For Year Two following the release of The Taken King, senior designer Derek Carroll explained that the studio wanted to shift towards an "event-based model" with "surprises" for players, available to all owners of The Taken King at no additional charge, as opposed to a timed roadmap, as had previously been speculated. Marketing director Eric Osborne further clarified its plans for "Year Two", stating that it would not consist solely of time-limited events as had been implied by others, but new "events, activities, content, and features", as well as an event planned for early 2016 that would be "far larger than anything you've seen since the release of The Taken King".

Prior to Rise of Irons launch and due to the expansion only being released for the then-current consoles (PS4 and One), players' accounts on legacy consoles (PS3 and 360) were split from the newer consoles. Accounts were previously shared across consoles of the same family. Legacy consoles received their last update on July 26, 2016, excluding emergency fixes for future game-breaking issues.

Destiny content releases Original game and expansions in bold
| 2014 | Year 1– Destiny |
*The Dark Below
| 2015 | *House of Wolves |
Year 2 – The Taken King
| 2016 | *April Update |
Year 3 – Rise of Iron
| 2017 | *Age of Triumph |

===Expansions===
The Dark Below was released on December 9, 2014. The expansion added new content centering on the Hive race and their deity Crota, Son of Oryx. In addition to a new raid, "Crota's End", maximum attack damage was increased to 331 and the Light level increased to 32. House of Wolves was released on May 19, 2015; the expansion added new content centering on the Fallen race as players attempt to thwart a campaign by Skolas, Kell of Kells, to unite the Fallen race under his rule. Maximum attack damage was increased to 365 and the Light level increased to 34. A new social space was added (Vestian Outpost), as well as two multiplayer modes: the Prison of Elders (a PvE arena) and Trials of Osiris (PvP game type).

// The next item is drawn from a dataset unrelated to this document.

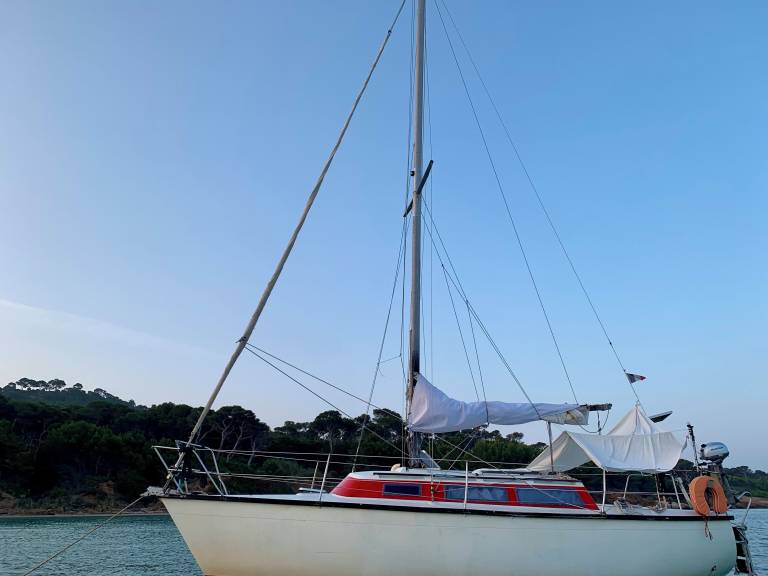 Péniche Hyères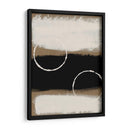 Anillos Neutros I - Regina Moore | Cuadro decorativo de Canvas Lab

The Taken King was released on September 15, 2015, marking the start of "Year Two" of Destiny. The expansion focuses on Oryx, The Taken King and father of Crota, as he leads a new race of enemy, the Taken, to avenge his son's death. A new raid, "King's Fall", was added, new sub-classes were added, as well as many changes to the core gameplay of Destiny, including maximum Light level of 320. The Taken Kings April 12, 2016 update, referred to as the "April Update", increased the maximum Light level to 335. The update also added new challenges and increased difficulty for the Prison of Elders PvE arena, among other activities. A new quest storyline was also added where players must defeat Malok, a Taken prince attempting a rise to power in the aftermath of Oryx's defeat.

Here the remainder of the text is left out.